Al Ain 0 Al Jazira 0
(After 90 mins. Al Ain win 5-4 on penalties)
DUBAI // In winning the Super Cup title on penalties tonight, Al Ain may have stumbled upon a solution to their continuing search for an Asian-born striker to replace Yasser Al Qahtani, their departed Saudi overseas player.
Perhaps they should think about hiding Dawoud Sulaiman's goalkeeping shirt, stealing his gloves and forcing him to play up front.
By the look of his match-winning penalty at the end of a seemingly interminable shoot-out at the Zabeel Stadium, Al Ain's custodian has a bright future as a goal-getting centre-forward. Or at least a penalty-taking goalkeeper in the mould of Paraguay's Jose Luis Chilavert or the Brazilian Rogerio Ceni.
But they were deserving victors on the balance of play.
On the eve of the game, Cosmin Olaroiu, Al Ain's manager, had seemed about as underwhelmed about the onset of the new season as a child who had been given a pack of cards to replace their broken Xbox.
Their supporters, by contrast, were full of their usual zeal.
As long as two hours before kick off, the Al Ain followers had commandeered the car park at Al Wasl's Zabeel Stadium for their own party.
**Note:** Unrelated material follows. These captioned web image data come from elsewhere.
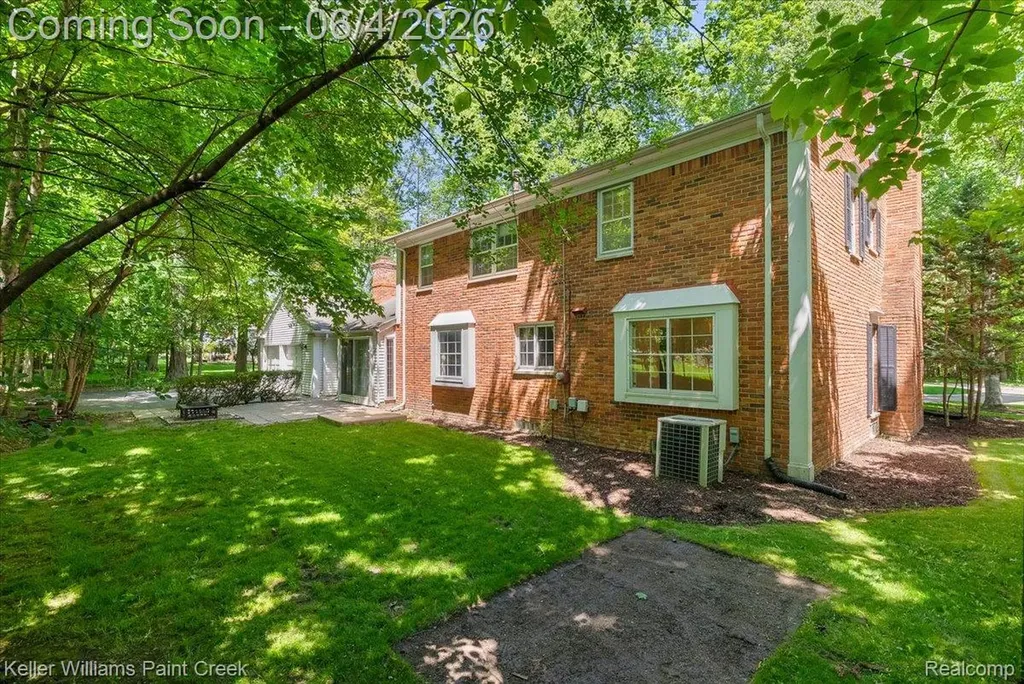 32845 Long Bow Court Beverly Hills Village MI 48025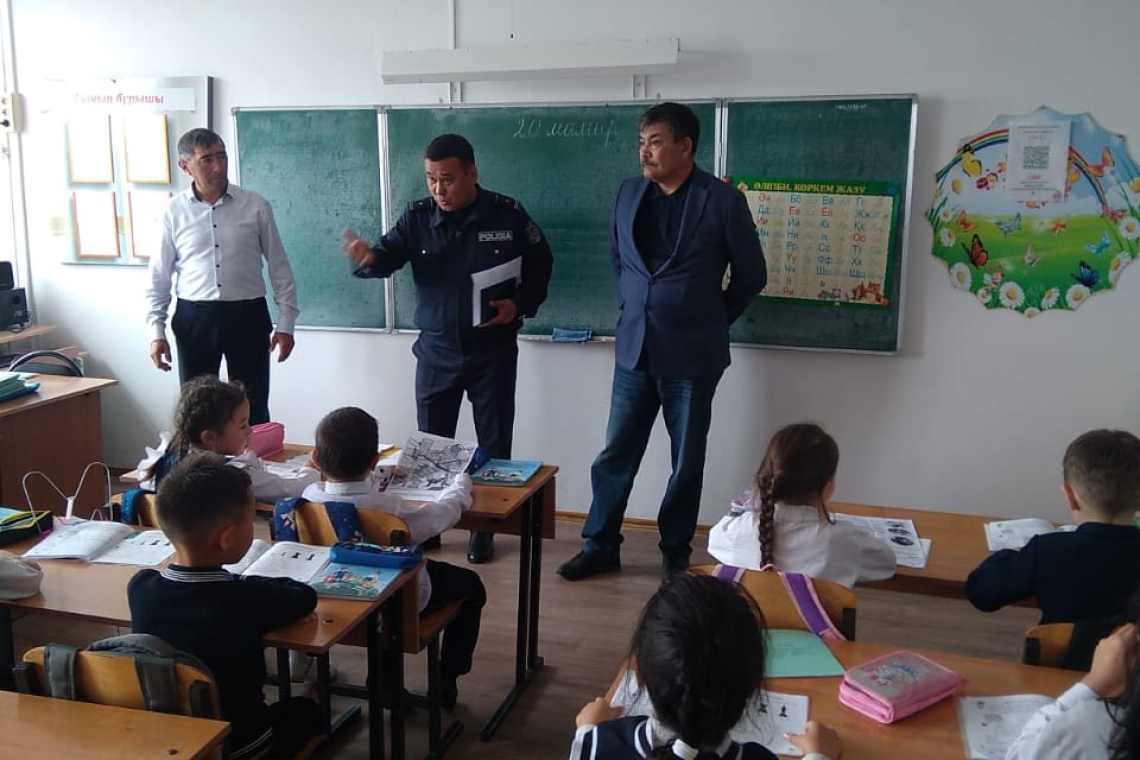 "Қауіпсіздік балалар үшін" тақырыбында Саумалкөл ст. темір жол желі бойы қызметінің полиция майоры Асан Жұмажанұлы Кауметов пен әскерилендірілген "Жаңа есіл"ст. темір жол бойы күзеті басшысының орынбасары Ботажан Аусатұлы Молдагаипов мектеп оқушыларымен к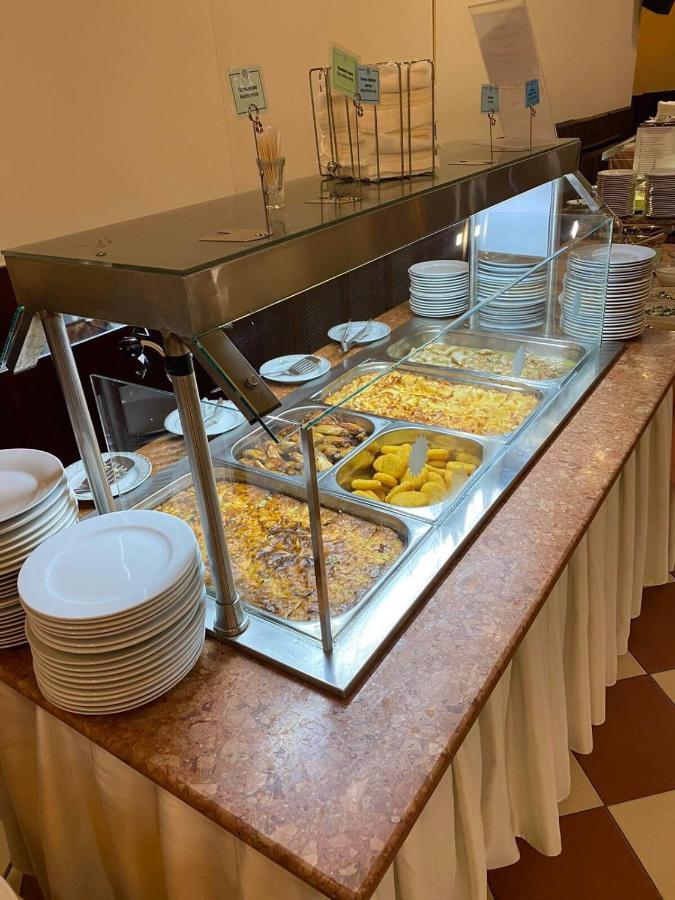 Flora Hotel - Apartments 波罗维茨 外观 照片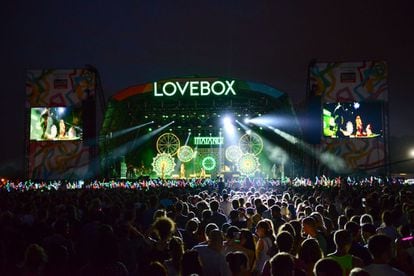 El festival Lovebox propone un gran espectáculo de música en Victo­ria Park, al este de Londres los próximos 15 y 16 de julio. Creado por el dúo de bailarines Groove Armada en 2002, ante la falta de festivales de esta clase en la capital británica, fue un éxito en su inicio, ha ido creciendo y consolidándose, y aunque su razón de ser es la música 'dance', incluye ya muchos otros géneros.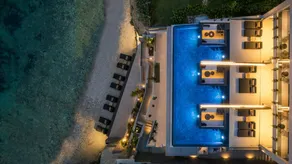 Villa with pool - Image 2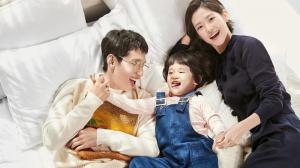 봉태규♥하시시박, 아들 시하와 광고 모델 발탁…‘웃는 모습도 닮은 세 사람’
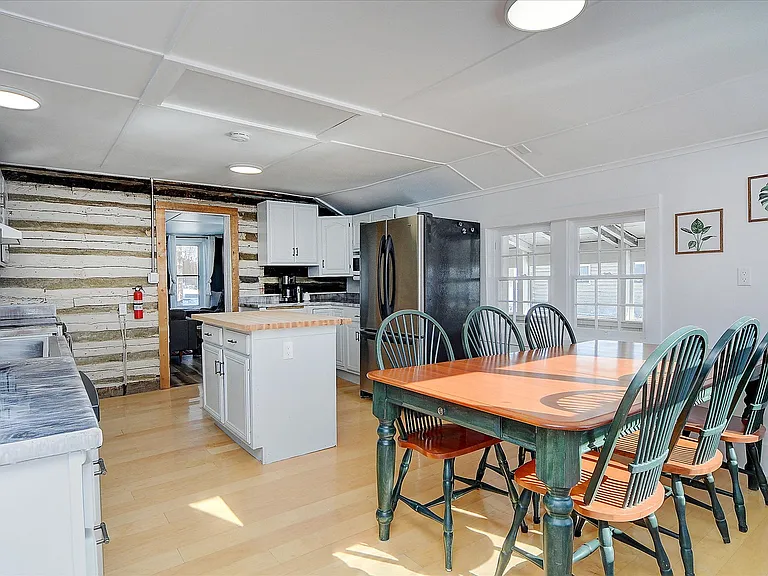138 Lang St — Photo 16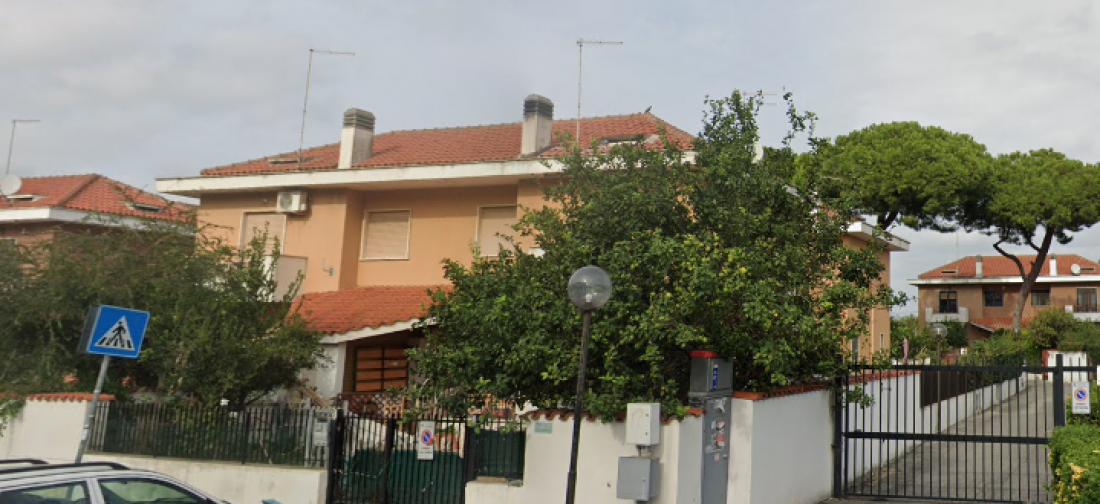 VILLA TRILIVELLI IN COMPRENSORIO SIGNORILE PRIVATO
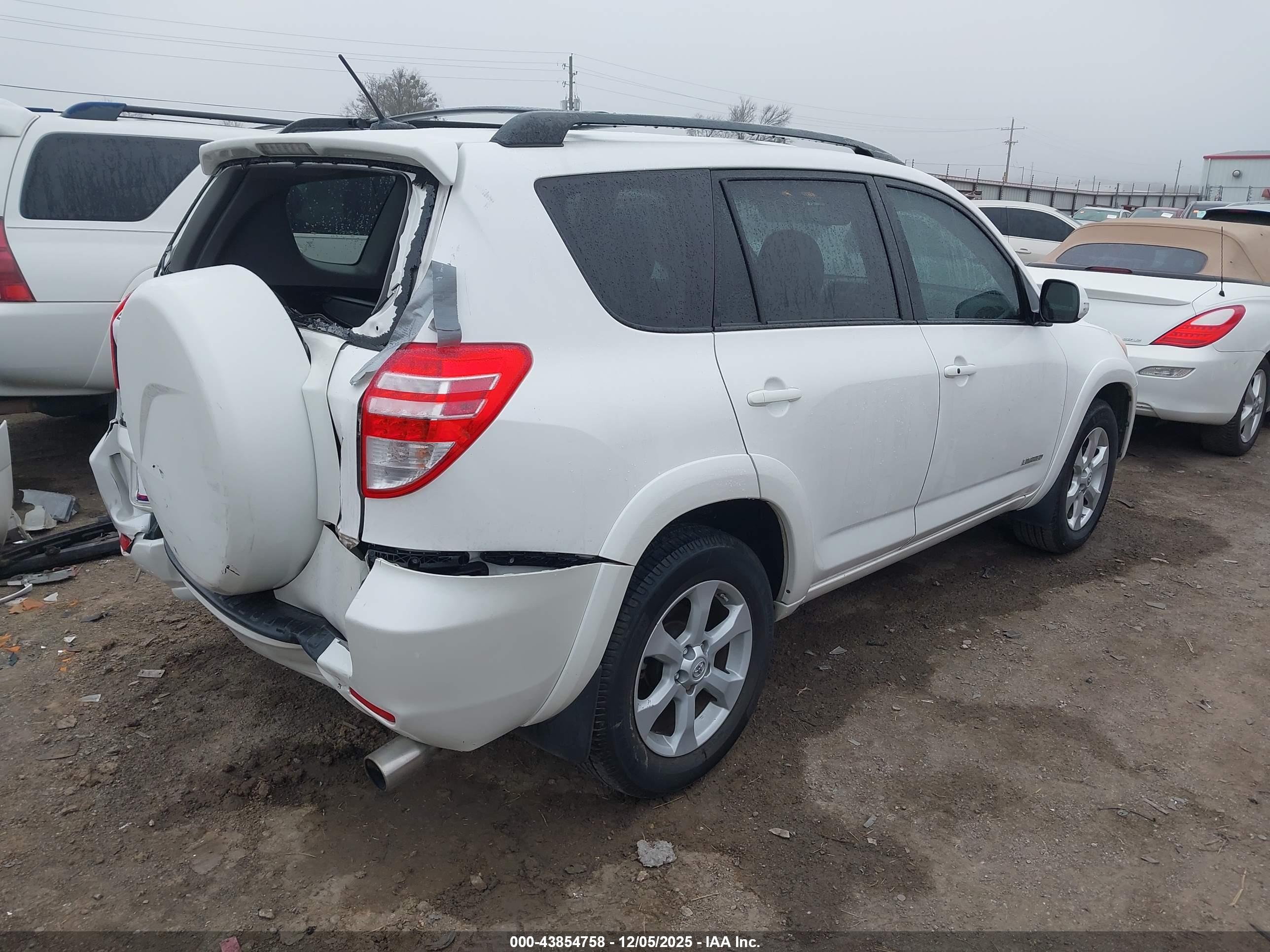 TOYOTA RAV4 image 4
Dress code: white with purple trim. Parking: anywhere you fancy. By the time of the kick off, the northern end of the ground, where their supporters were penned, was overpopulated – as is the norm when Al Ain play away from the Garden City.
While there were gaps at the Jazira end, the Al Ain faithful poured themselves into any available spaces in the aisles, or stood at the back of the stands.
It was hardly needed, but Asamoah Gyan, the champions' star striker, broke off from the pre-match formality photograph, ran to the supporters and gestured to gee them up.
It was like trying to light a fire that had already been burning for 30 minutes.
Olaroiu said the victory was a dual tribute to Walid Salem, the goalkeeper and captain of Al Ain, who was absent to be with his ill son, as well as the side's fans.
"They are our 12th, 13th, 14th, 20th players, and like always, we are trying to keep in step with them," the coach said. "They are pushing us in front always. It is the reason we play football.
"They are happy because of the football team, they are sad because of the football team.
"This is why we have given them two reasons to be happy and proud in the past few months. This is our reason to be here."
Gyan has enjoyed a rich affinity with his new public ever since he first made his surprise move from Sunderland in the English Premier League last year.
The Ghanaian striker did his best to give them something to cheer in the first phase, twice creating shooting chances, only to be thwarted.
He was a constant menace, and he set up the clearest chance possible for Omar Abdulrahman on the hour mark.
Abdulrahman, Al Ain's willowy playmaker, has enjoyed rave reviews this summer, after his exploits at the London Olympic Games then in a trial at Manchester City.
Yet his fitful display tonight reached a low when he sent the opening Gyan had created dribbling past the post.
Gyan did similar shortly after, but in fairness to him he was under pressure from an onrushing Ali Kasheif, the Jazira goalkeeper. He got to the ball first, only to divert it wide, and both players were flattened in the process.
If Abdulrahman is really going to make good on that move to Manchester City, or any other of Europe's leading clubs, he will be hoping the scouts only see the edited highlights of this cup final.
Skip the second-half blooper with the goal at his mercy. Then fast forward as rapidly as possible past the penalty miss at the end.
As the pendulum swayed throughout the shoot-out, it seemed as though Kasheif was going to be the Olympian making the headlines. The goalkeeper saved three of Al Ain's efforts from the spot.
It was harsh that he ended on the losing team.
The goals Al Ain did score from 12 yards out has to be perfect to beat him, but none were better than the decider, which Sulaiman drilled powerfully into the roof of the net to send the first trophy of the season heading to Al Ain.
"We were missing when it came to finishing, and the moment we started to control the game, Al Ain became more dangerous on the counter-attack," said Paulo Bonamigo, the Jazira coach.
"We lost this match, but we have proved to everybody we have reasons to be positive this season."